● Instructions for the task
For the entries that follow, produce an exact copy with no pictures in it.

[Items listed in a dataset]

◆ ◆ ◆ ◆

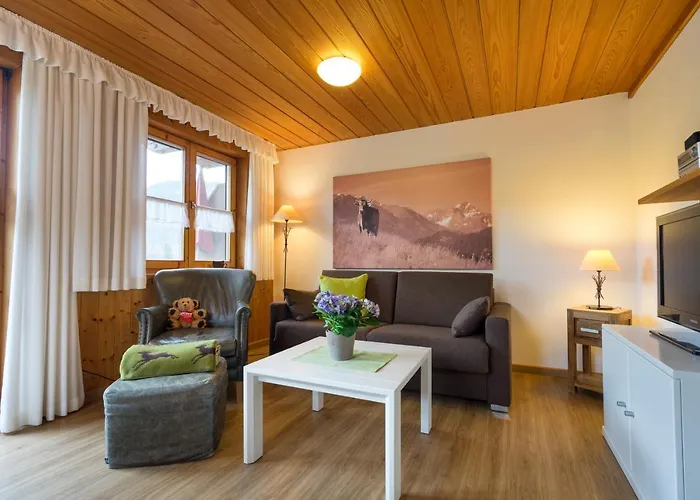 Ferienwohnungen Alpentraum - Landhaus Am Baechle
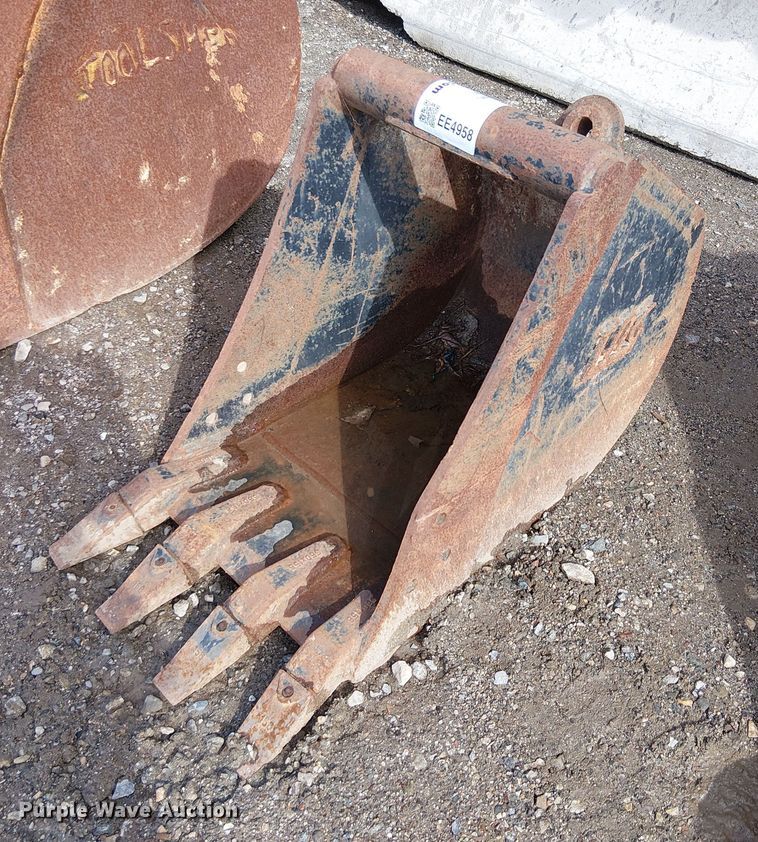 TAG 17" W bucket - EE4958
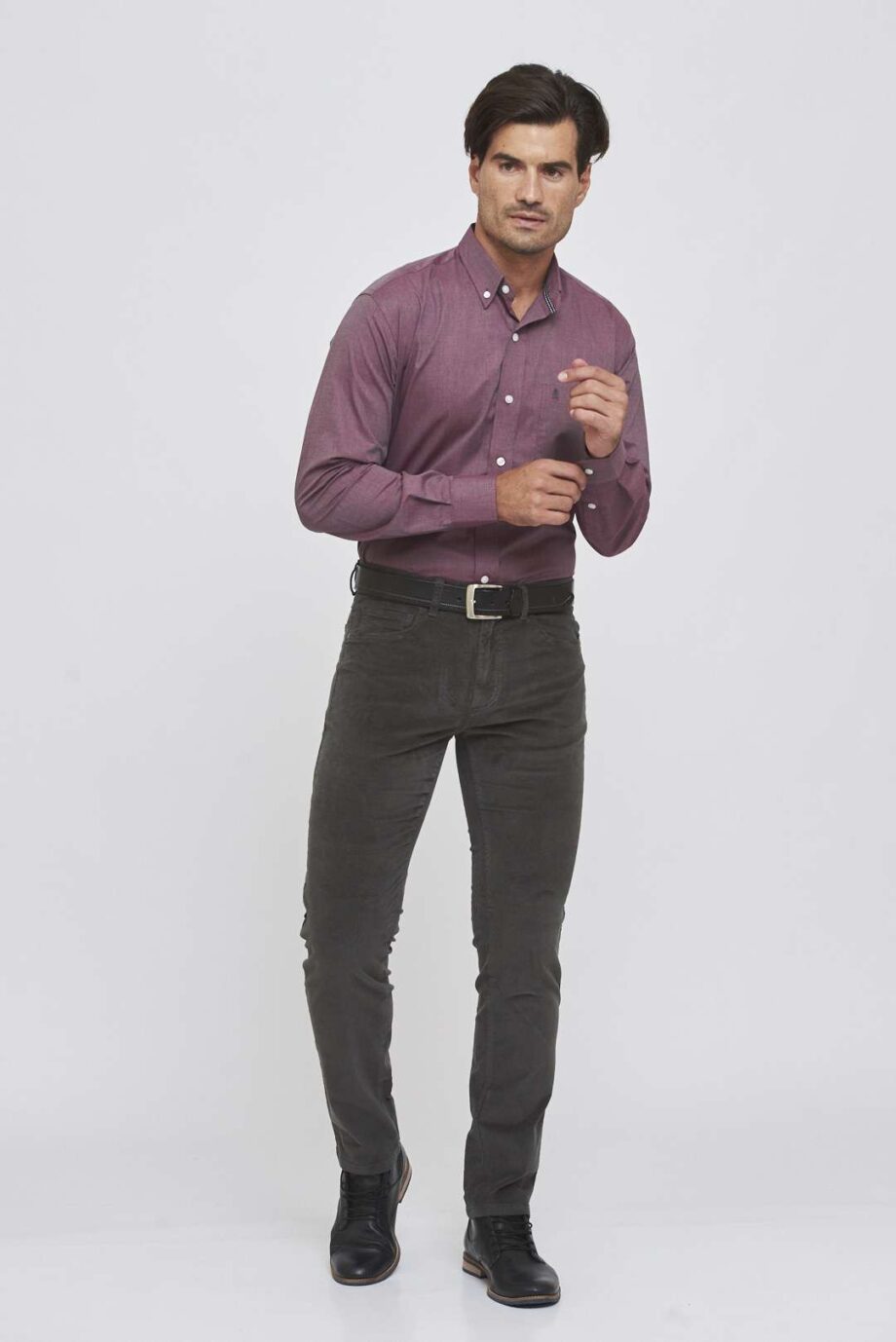 Pantalón corte jean de corderoy 21 bastas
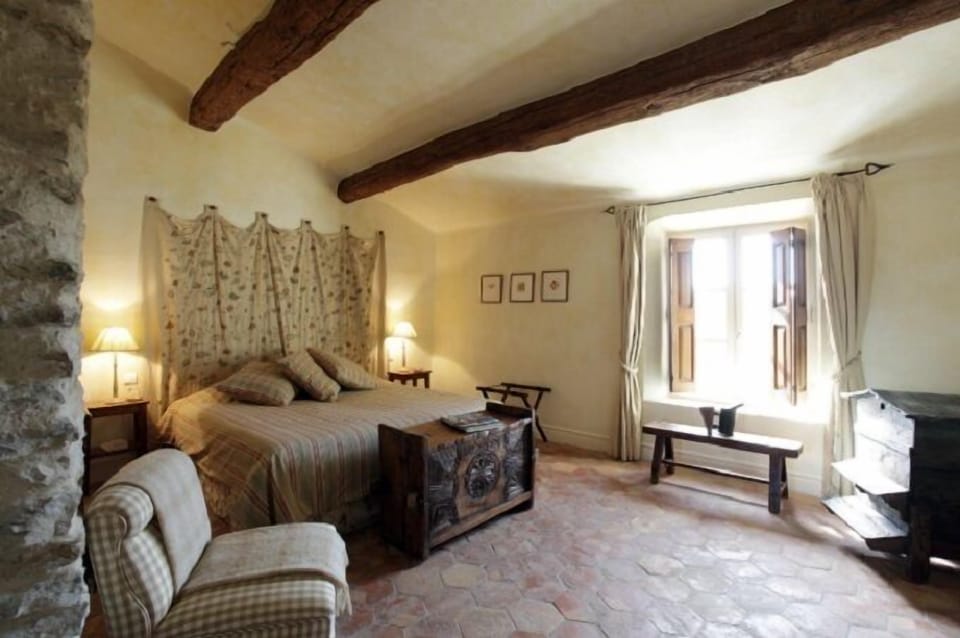Classic Double Room (Abeilles) | Individually decorated, individually furnished, desk, laptop workspace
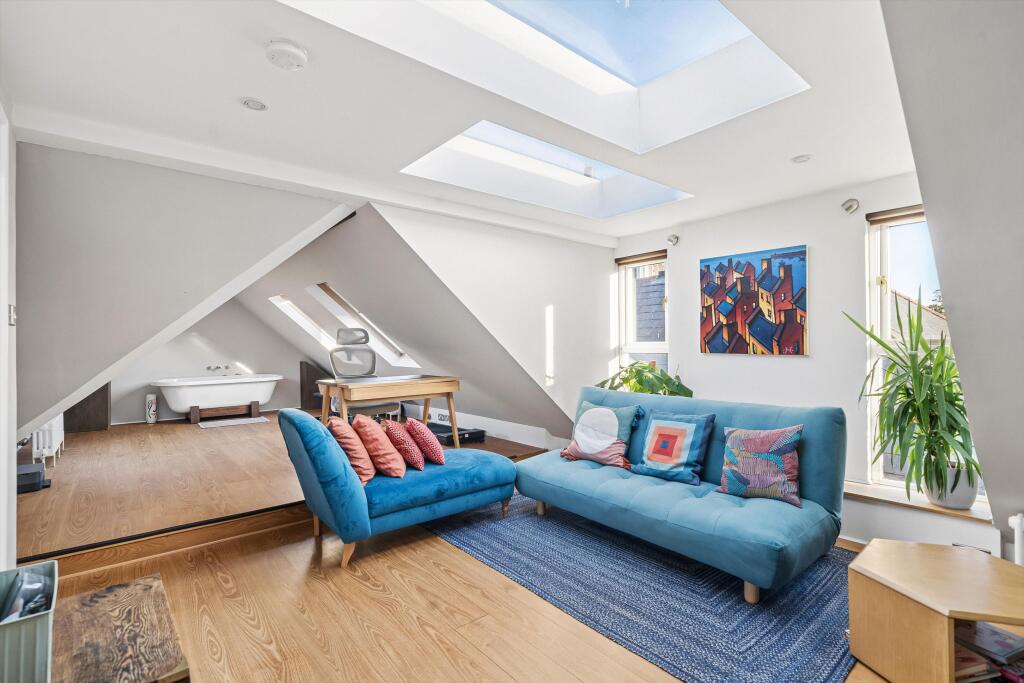 Apartment in Twickenham - View 2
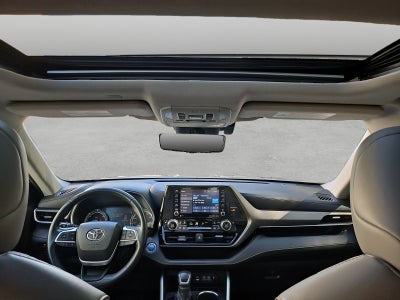 2022 Toyota Highlander Hybrid Bronze Edition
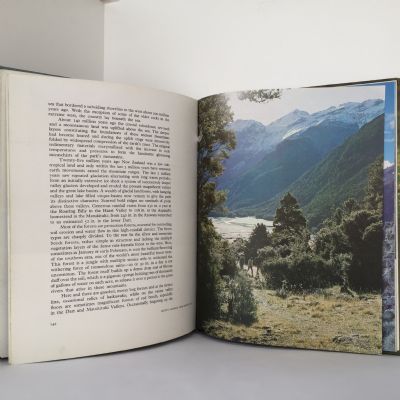 NATIONAL PARKS OF NEW ZEALAND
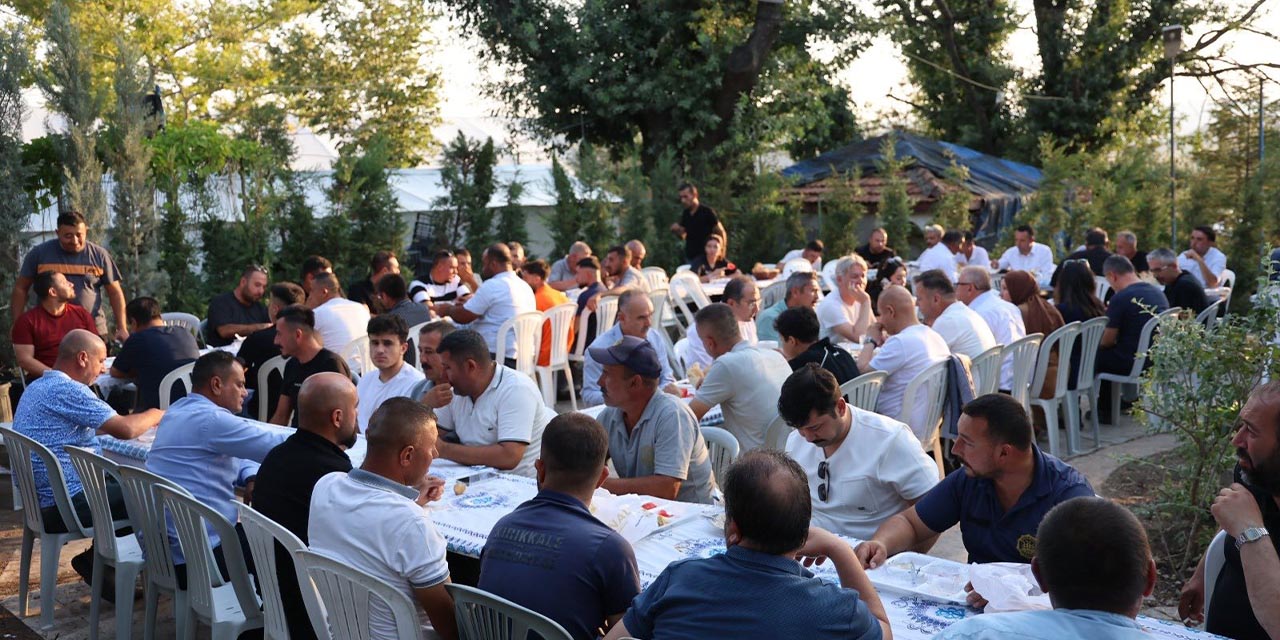 nal-personellerle-yemekte-bulustu-3.jpg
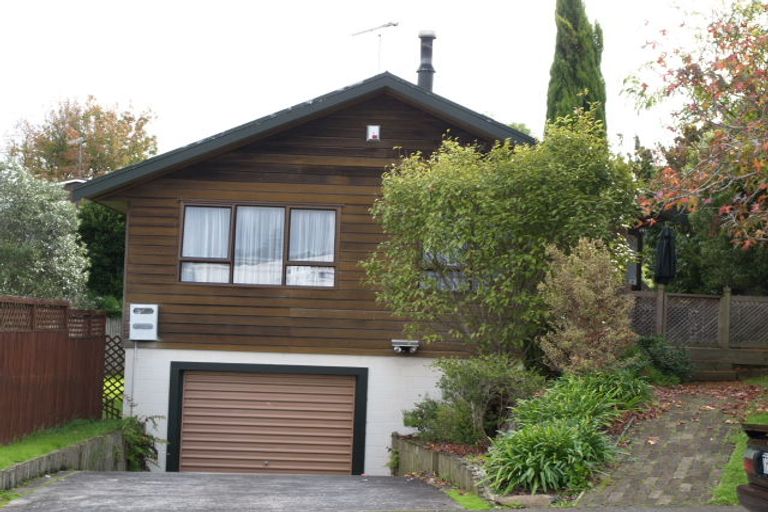Photo of property in 2/161 Wellington Street, Howick, Auckland, 2014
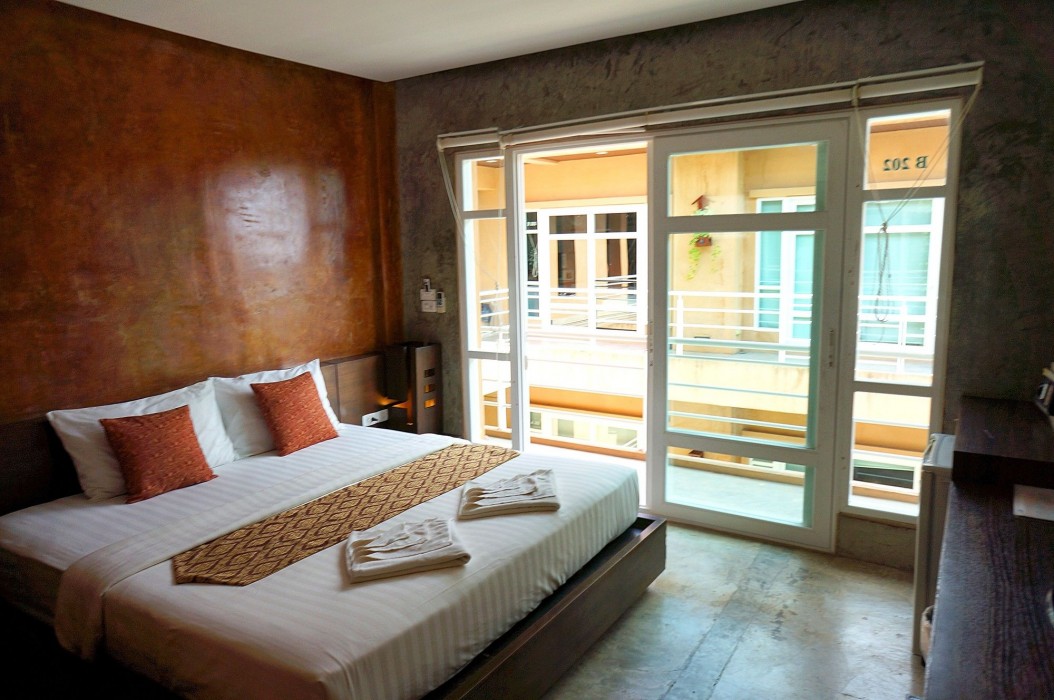 Silver Sands Beach Resort 36/100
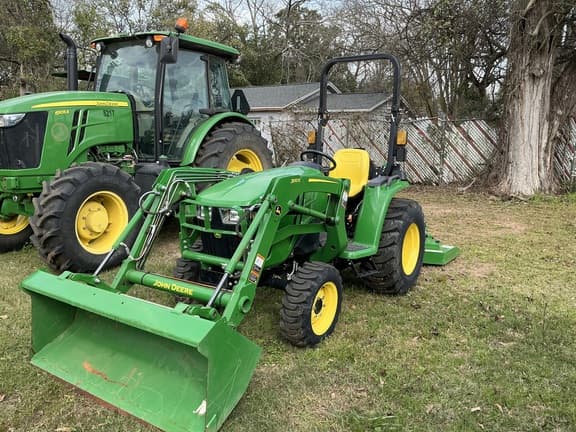 Image of John Deere 3025E equipment image 2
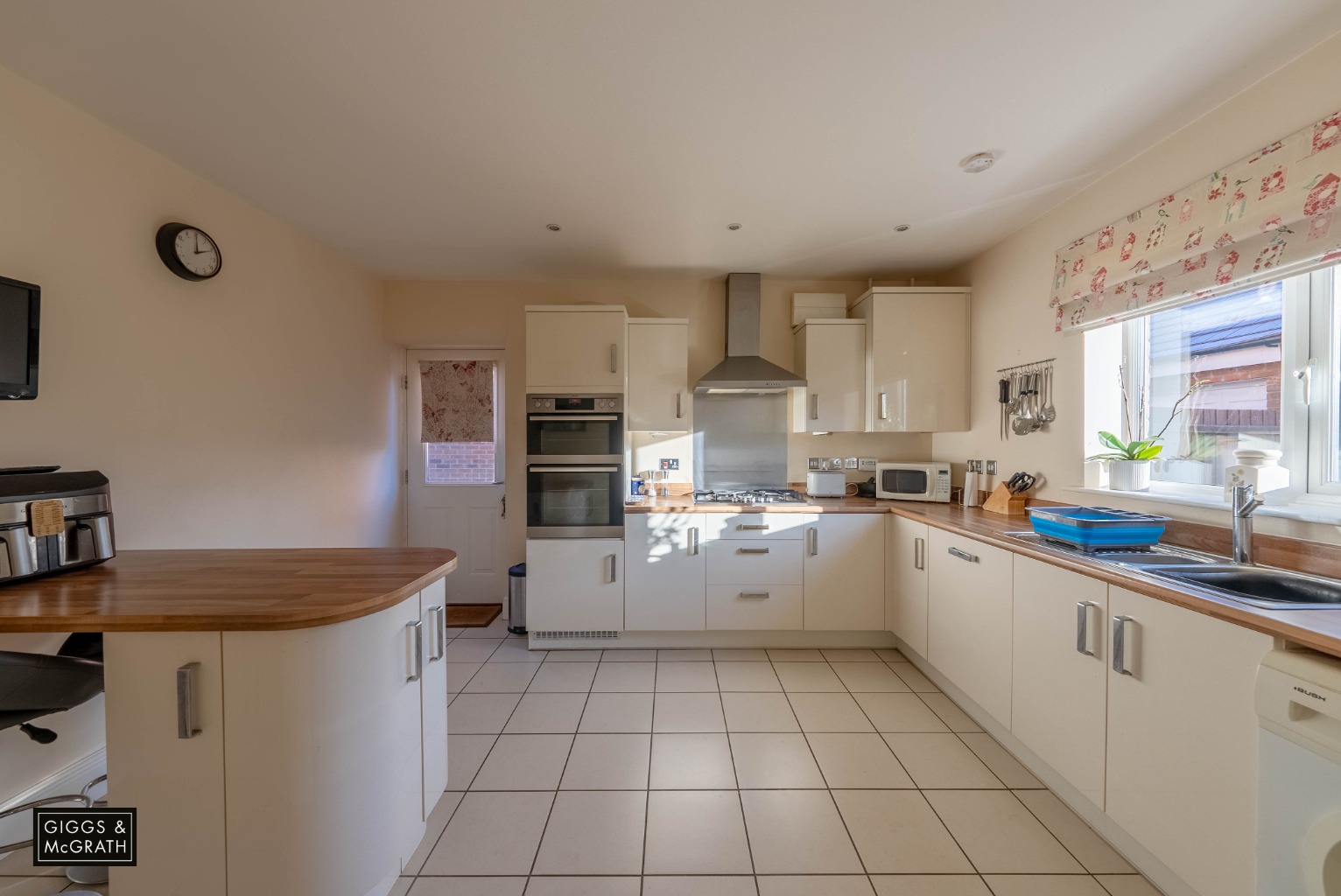 4 bed detached house for sale in Rowell Way, Huntingdon  - Property Image 3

◆ ◆ ◆ ◆

● Task result
 Ferienwohnungen Alpentraum - Landhaus Am Baechle
 TAG 17" W bucket - EE4958
 Pantalón corte jean de corderoy 21 bastas
Classic Double Room (Abeilles) | Individually decorated, individually furnished, desk, laptop workspace
 Apartment in Twickenham - View 2
 2022 Toyota Highlander Hybrid Bronze Edition
 NATIONAL PARKS OF NEW ZEALAND
 nal-personellerle-yemekte-bulustu-3.jpg
Photo of property in 2/161 Wellington Street, Howick, Auckland, 2014
 Silver Sands Beach Resort 36/100
 Image of John Deere 3025E equipment image 2
 4 bed detached house for sale in Rowell Way, Huntingdon  - Property Image 3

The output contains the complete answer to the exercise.